We spent five or ten minutes more looking about and then, as some other customers appeared in the doorway, we bowed ourselves out, promising to come when again Nichi received a new consignment which he had been expecting from the Orient.

We walked away, Kennedy carrying his purchase carefully under his arm.

“That other Jap was a strange chap,” I observed.

“He wasn’t a Jap,” corrected Kennedy. “He was an Aino, one of the aborigines who have been driven by the Japs northward, into the island of Yezo.”

I had heard of the race, but only knew of them indistinctly.

“They are not Japs, then?” I asked.

“No. Most ethnologists, I believe, think of them as a white race, nearer akin to Europeans than to the Asiatics. The Japanese have pushed them northward and now they are trying to civilize them.”

“Otaka looked comparatively civilized for an aborigine,” I ventured, “except for that peculiar ceremony with the saki.”

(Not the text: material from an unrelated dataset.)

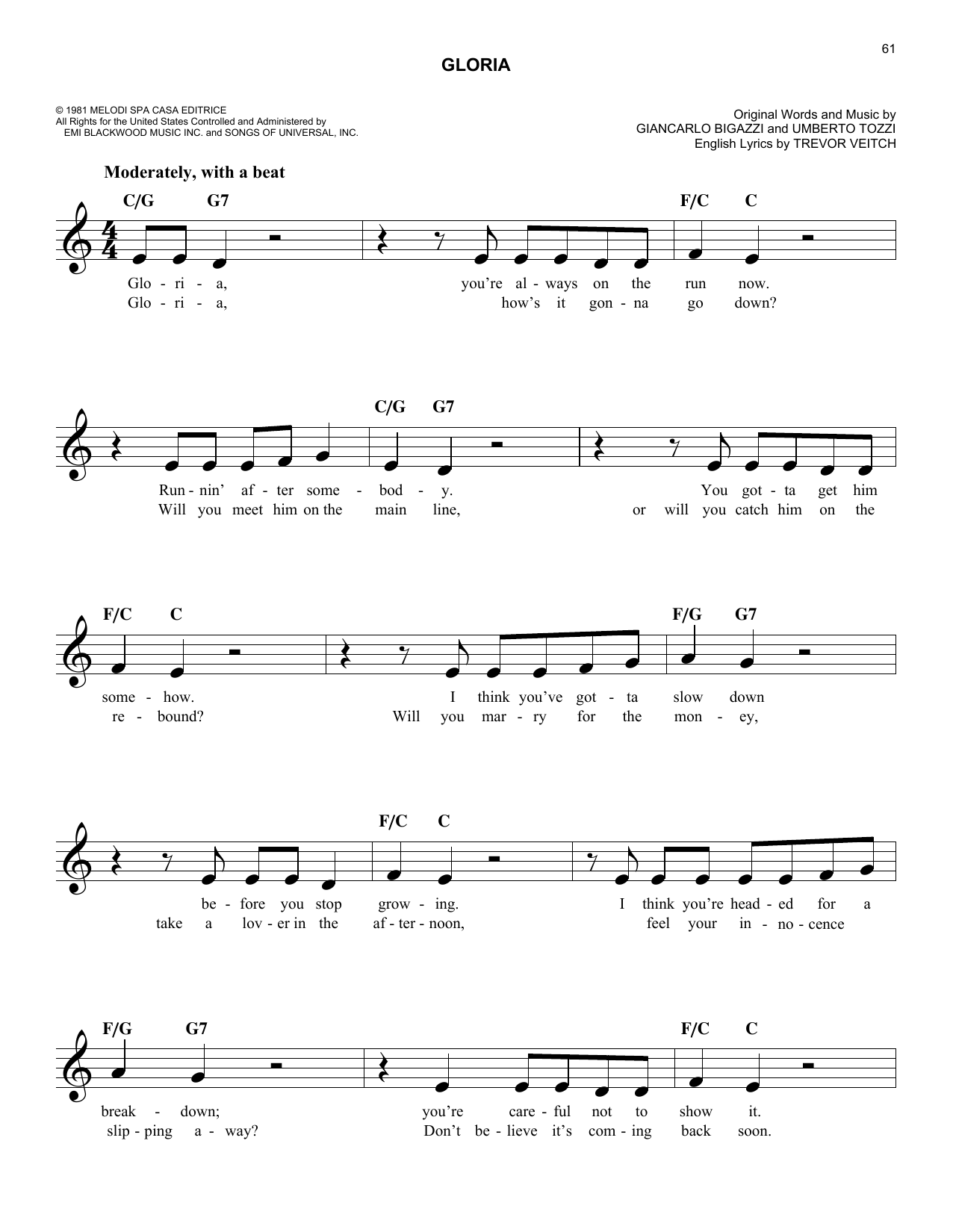 Download Giancarlo Bigazzi Gloria Sheet Music and learn how to play Melody Line, Lyrics & Chords PDF digital score in minutes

“Perhaps. But on their native heath they are a dirty, hairy race. Evidently when they are brought under civilizing influences they adapt themselves to the new environment. They say they make very good servants. Still, they are really of the lowest type of humanity—of the very dregs!”

“Are they dangerous?” I asked.

“No,” he replied. “I have been told that they are a most inoffensive and peaceable people, good-natured and amenable to authority. But they become dangerous when they are driven to despair by cruel treatment, which probably accounts for some of the notions that exist about their barbarity.

The Japanese Government has lately become very considerate of them—though I don’t believe all Japanese are. Still, they say the Japs like the Aino women for wives.”

We took a surface car uptown again to the laboratory where, sticking in the letter-slot of the door, we found a message from Burke. It read:

I have a line on our friend downtown. Meet me at eight in Bowling Green.

“Morelos!” interpreted Kennedy immediately.

“Walter, there is no use of your wasting time the rest of the day. I have a lot of things to do here in the laboratory. I see Dr. Leslie has sent up the materials he promised, too. Incidentally drop in and see McBride at the Vanderveer. Don’t tell him too much, but just let him know that we are making progress.

“Don’t forget—eight o’clock—Bowling Green,” he concluded, his coat off already, plunging into the investigations he had planned in his workshop of scientific crime.